スピッツベルゲンおよびわが国の高山・山地における凍結融解による斜面物質移動

抄録

In this study the author attempts to discuss slow mass-movement processes caused by freezing and thawing in relation to the compositions of slope materials and fluctuations of ground temperature, in Spitsbergen and in the Japanese high mountains.
Study sites in Spitsbergen are located in Adventdalen and Reindalen, Nordensiöldland, central Spitsbergen (Fig. 1). These sites are debris slopes with gradients ranging from 6° to 32°, mainly covered with Jurassic, Cretaceous, and Tertiary shale fragments.
The rates and deformation patterns of downslope movement of surface rubble are measured by eighteen painted stone-lines. Many grass fibre-tubes, furthermore, were inserted vertically into the ground in order to detect downslope movement in the active layer.
Year-round ground temperature measurement was achieved at a flat surface (480 m a.s.l.) of the Adventdalen site using data logged at 3-hour intervals in 1988-1989. Sensors were installed at 5, 15, 30, 50 and 80 cm depths.
Studies to slow mass-movement in the Japanese high mountains were performed in Mt. Shirouma, the Kitakami Mountains, and Mt. Hoh-o. Long-term ground temperature records were observed on the Kitakami Mountains, Mt. Hoh-o and Mt. Akaishi.
The results of this study can be summarized as follows.
The average movement rate of painted stones from 1988 to 1990 was 3.3 cm/yr. in Spitsbergen (Fig. 2). Deformation features of all painted stone-lines showed patterns parallel to the basement lines independently of the compositions of slope materials (Figs. 3. 4. 5. 6). The movement rates at the tops of grass fibre-tubes were similar to the rate of movement measured by painted stone-lines (Fig. 8).

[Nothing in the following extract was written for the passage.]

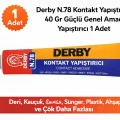 BUĞZ Derby N.78 Kontakt Yapıştırıcı 40 Gr Güçlü Genel Amaçlı Yapıştırıcı 1 Adet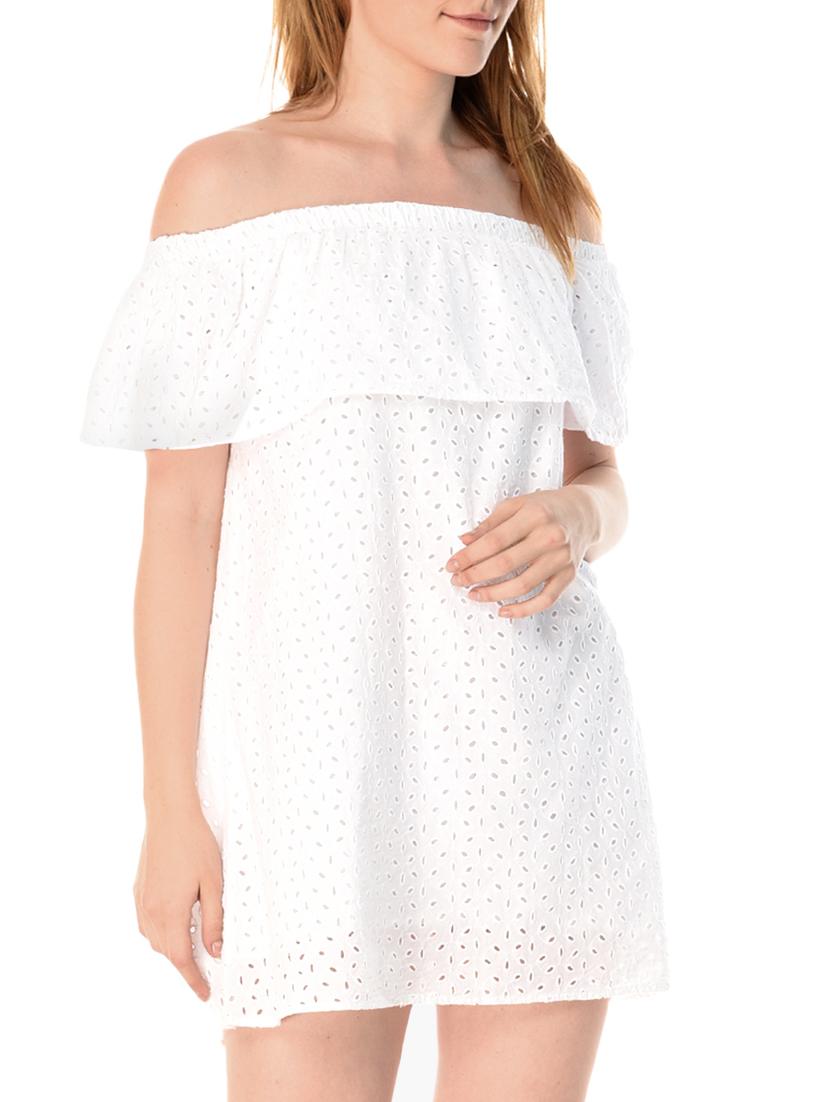 schiffli work layered dress - 15285344 - Zoom Image - 2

These imply that deformations of painted stone-lines and grass fibre-tubes occurred by the same processes, that is, frost creep and gelifluction. Furthermore, movement of slope materials by diurnal freeze-thaw cycles is negligible in Spitsbergen, because of the very low frequency of this cycle (Fig. 10; Table 3). Therefore it is considered that annual freeze-thaw cycles mostly contribute to the movement of the slope materials in this area.
Average movement rates of painted stones measured in the Japanese high mountains are 26.1 cm/yr. in Mt. Shirouma, 21.7 cm/yr. in the Kitakami Mountains, and 39.7 cm/yr. in Mt. Hoh-o (Fig. 2). These rates are one figure faster than those of Spitsbergen. Deformation features of painted stone-lines are classified mostly into two patterns, one a festoon type and the other a parallel type (Fig. 7). The parallel type occurs on slopes mantled with thick surface rubble of coarse size. The festoon type is recognized on slopes mantled with thin surface rubble and fine materials.
The vertical profiles of many flexible tubes from the above-mentioned mountains on which they were inserted to become almost negligible at about 30-40 cm in depth (Fig. 8). This depth is about one half as shallow as that of Spitsbergen.
Freeze-thaw cycles in the Japanese high mountains overlap with diurnal ones and annual ones, especially those occurring in very high frequency (Fig. 9; Table 3). Movements on the slopes covered with thin rubble and fine materials are caused by diurnal and annual cycles. On these slopes deformations of painted stone-lines show the festoon pattern, and the movement rates are faster than those on slopes consisting of coarse rubble, which almost all move in annualfreeze-thaw cycles.
Considering the above mentioned results, in Spitsbergen differences incompositions of slope materials do not reflect movement processes and the rate of movement, because movement of slope materials occurs in almost annual freeze-thaw cycles. On the other hand, in the Japanese high mountains movement of slope materials occurs in two different freeze-thaw cycles, which are annual and diurnal ones.